* TASK:
Please repeat the records below exactly, skipping any pictures.
BEGIN DATASET CONTENT
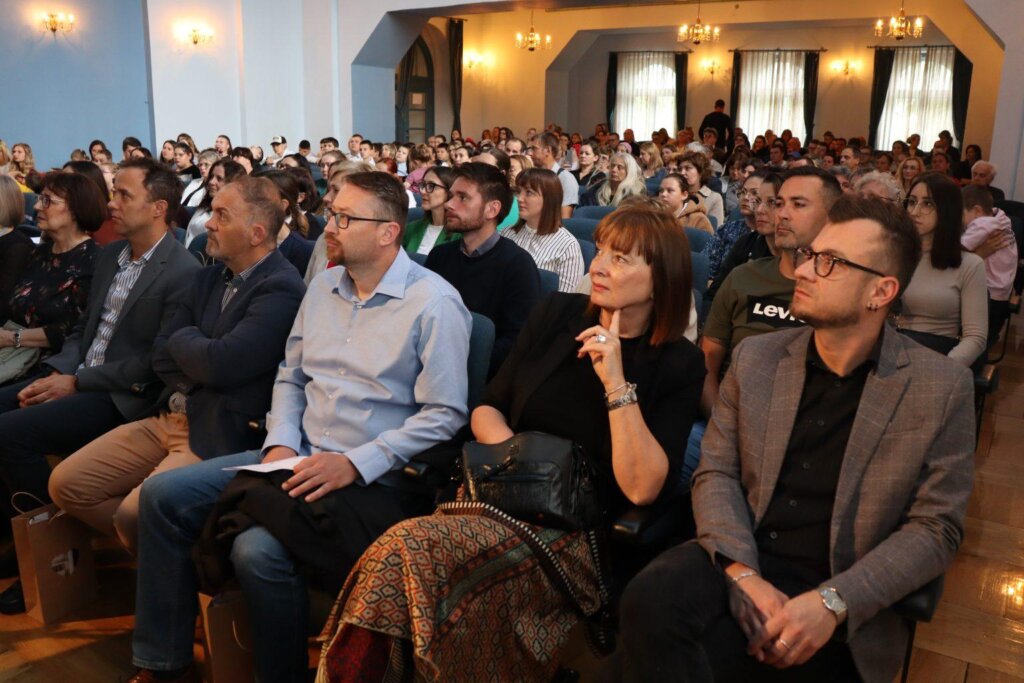 Img 2024 1536x1024
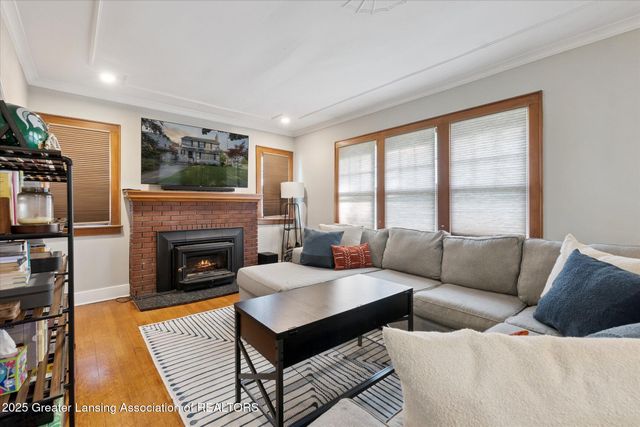 353 Division Street, East Lansing, MI 48823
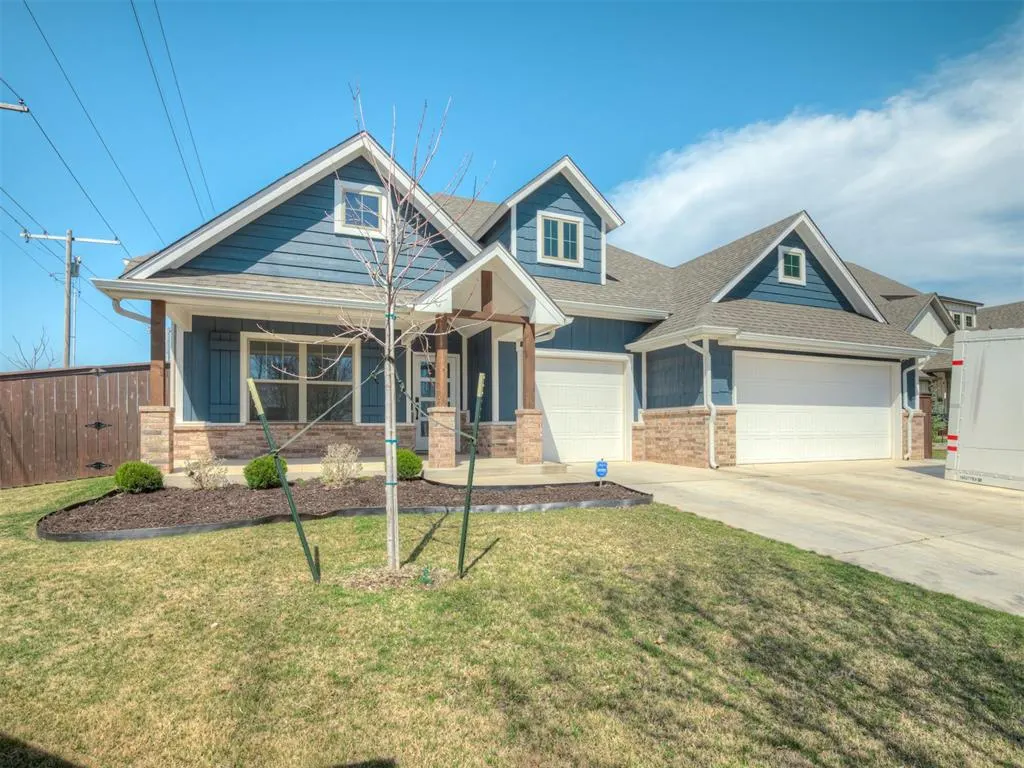 Photo 2 — 803 NE 33rd Street, Moore, OK 73160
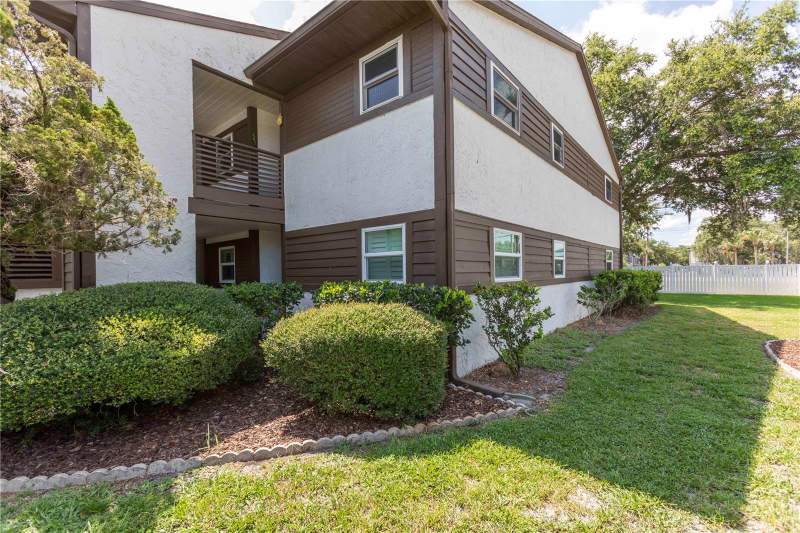 Woodtrail Condo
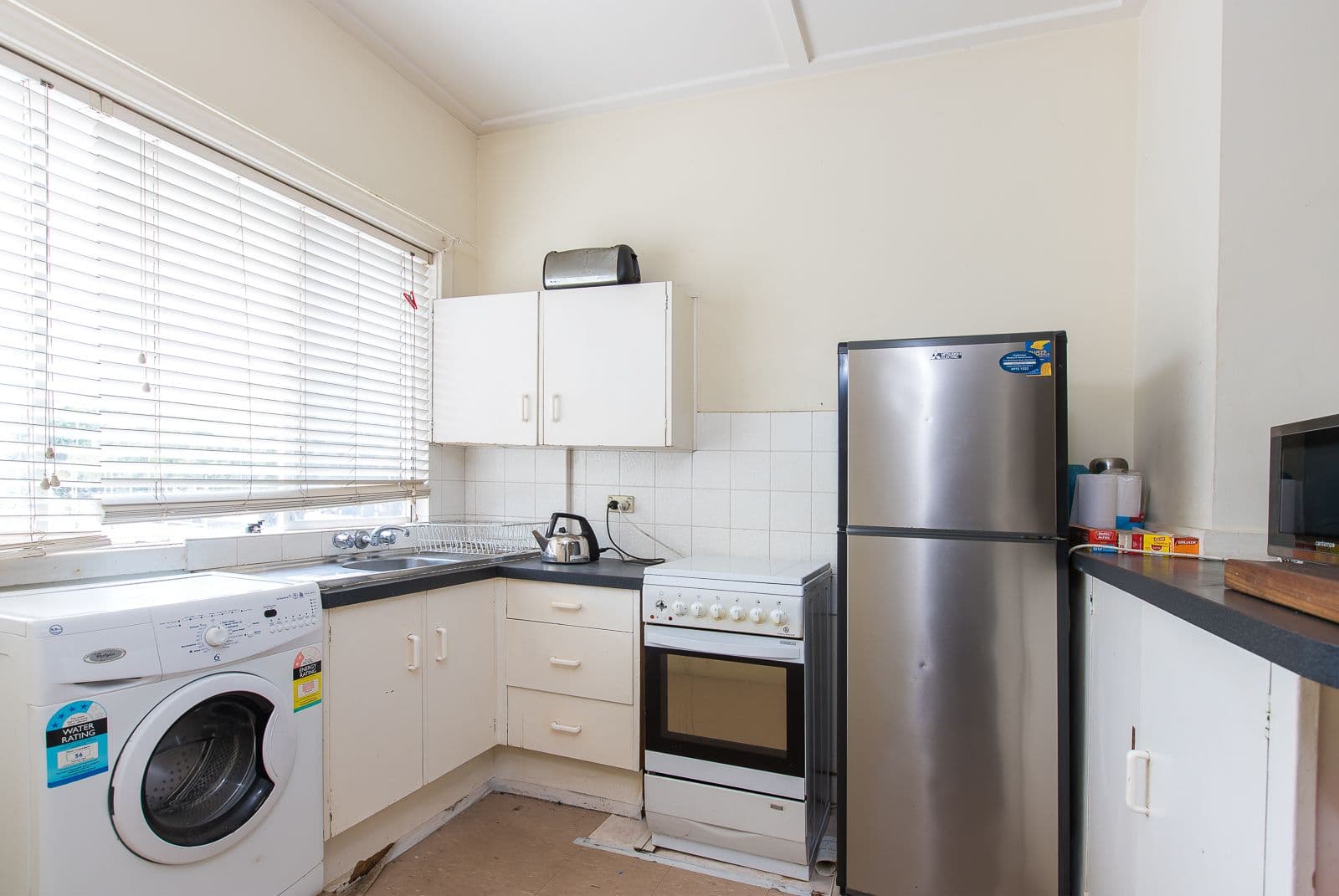 11 Union Street, Newcastle West NSW 2302, Newcastle - Thumbnail 2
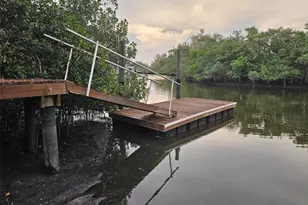 2210 Bayou Dr, Holiday, FL 34691 - Photo 38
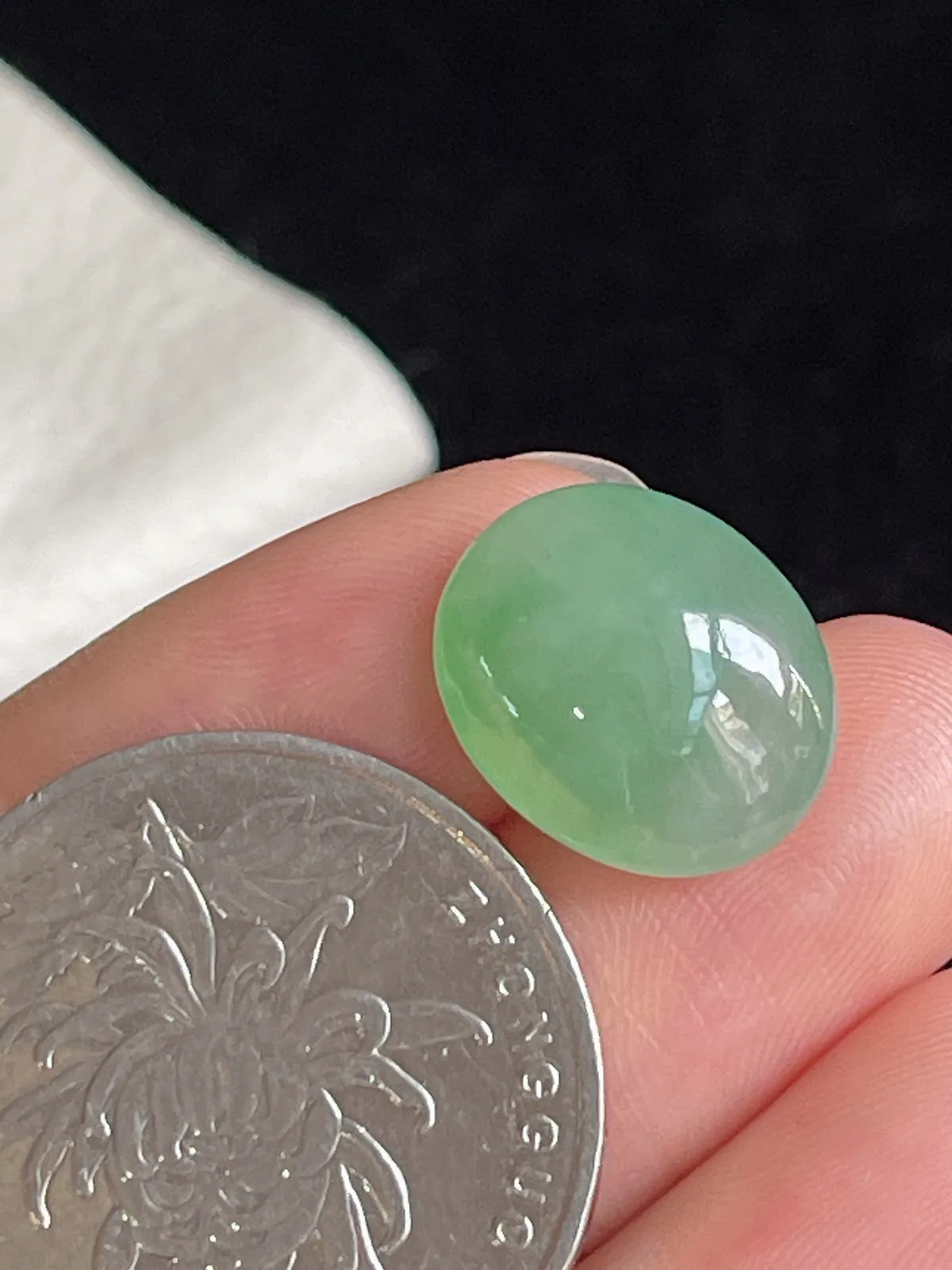 翡翠冰糯种浅绿色戒面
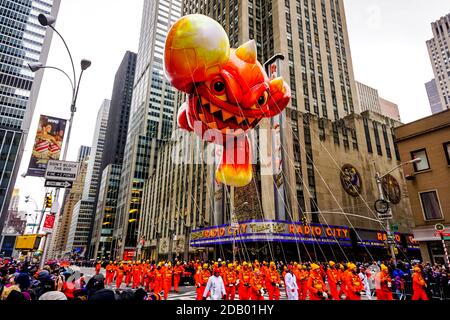 Skylander Eruptor Ballon schwebt in der Luft während Macy's Thanksgiving Tag Parade entlang der Avenue of Americas mit der Radio-Musik Halle im Hintergrund Stockfoto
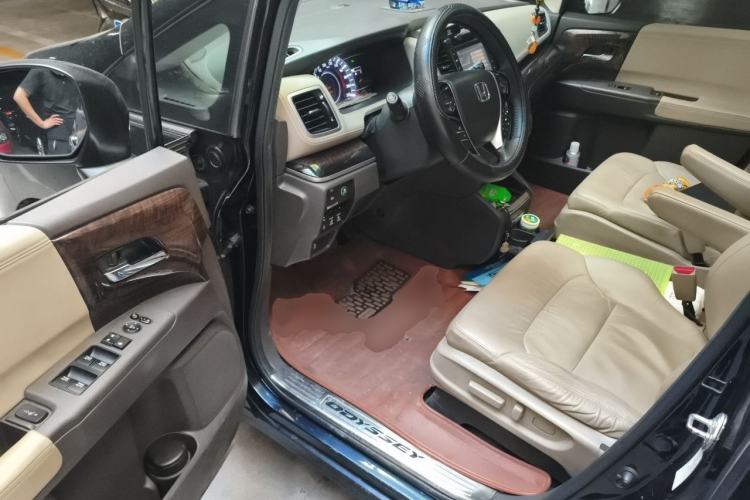 Used Honda Odyssey 2015 2.4L Supreme Edition Interior 3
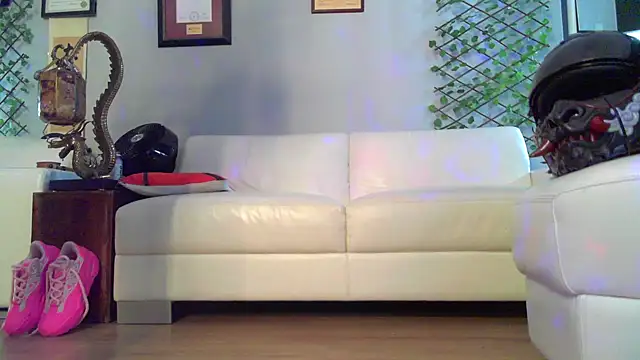 Snapshot of OSIRlS chatting on March 2026 06:08:02 AM OSIRlS online show from March 2026 06:08:02 AM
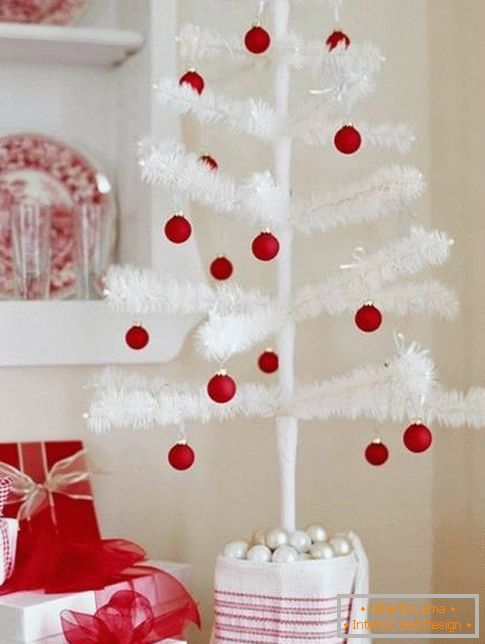 jednoduchý a stylový dekorace vánočního stromu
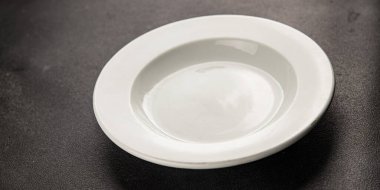 Beyaz tabak boş sofra takımı tabakları servis etmeye hazır yemek takımları servis etmeye sofra arkasında seramik tabaklar servis etmeye hazır.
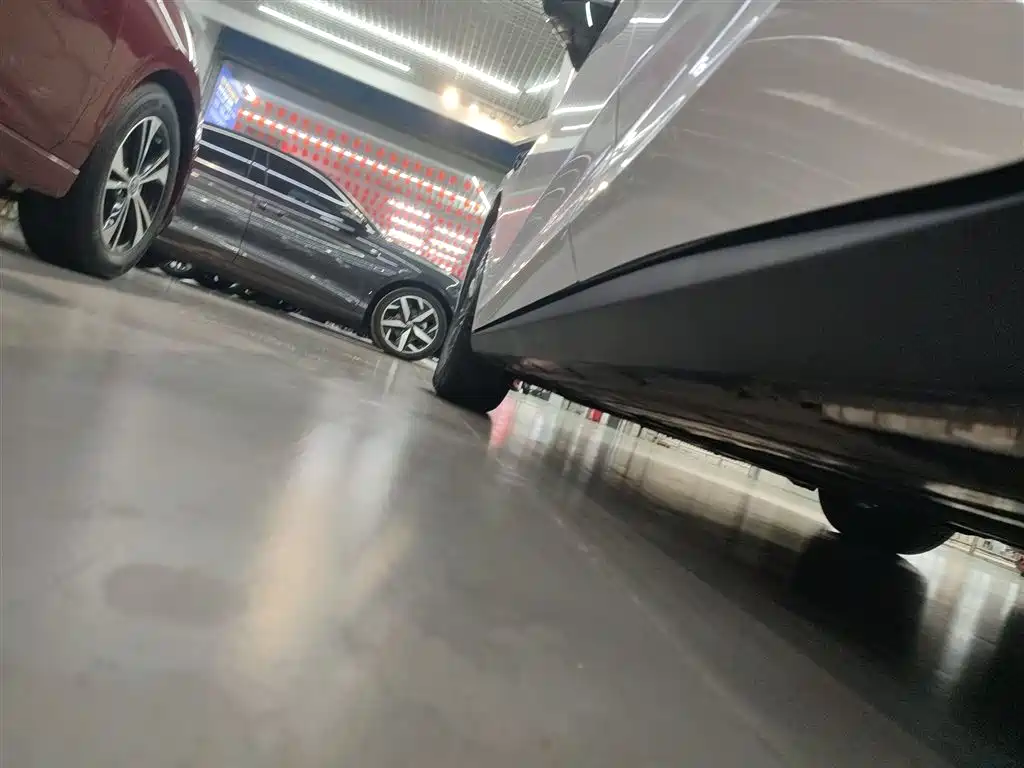 BYD Qin L 2025 DM-i Smart Drive Edition 80KM Leading фото 22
END DATASET CONTENT
* FINAL ANSWER:
 Img 2024 1536x1024
 353 Division Street, East Lansing, MI 48823
 Photo 2 — 803 NE 33rd Street, Moore, OK 73160
 Woodtrail Condo
 11 Union Street, Newcastle West NSW 2302, Newcastle - Thumbnail 2
 2210 Bayou Dr, Holiday, FL 34691 - Photo 38
 翡翠冰糯种浅绿色戒面
 Skylander Eruptor Ballon schwebt in der Luft während Macy's Thanksgiving Tag Parade entlang der Avenue of Americas mit der Radio-Musik Halle im Hintergrund Stockfoto
 Used Honda Odyssey 2015 2.4L Supreme Edition Interior 3
 Snapshot of OSIRlS chatting on March 2026 06:08:02 AM OSIRlS online show from March 2026 06:08:02 AM
 jednoduchý a stylový dekorace vánočního stromu
 Beyaz tabak boş sofra takımı tabakları servis etmeye hazır yemek takımları servis etmeye sofra arkasında seramik tabaklar servis etmeye hazır.
 BYD Qin L 2025 DM-i Smart Drive Edition 80KM Leading фото 22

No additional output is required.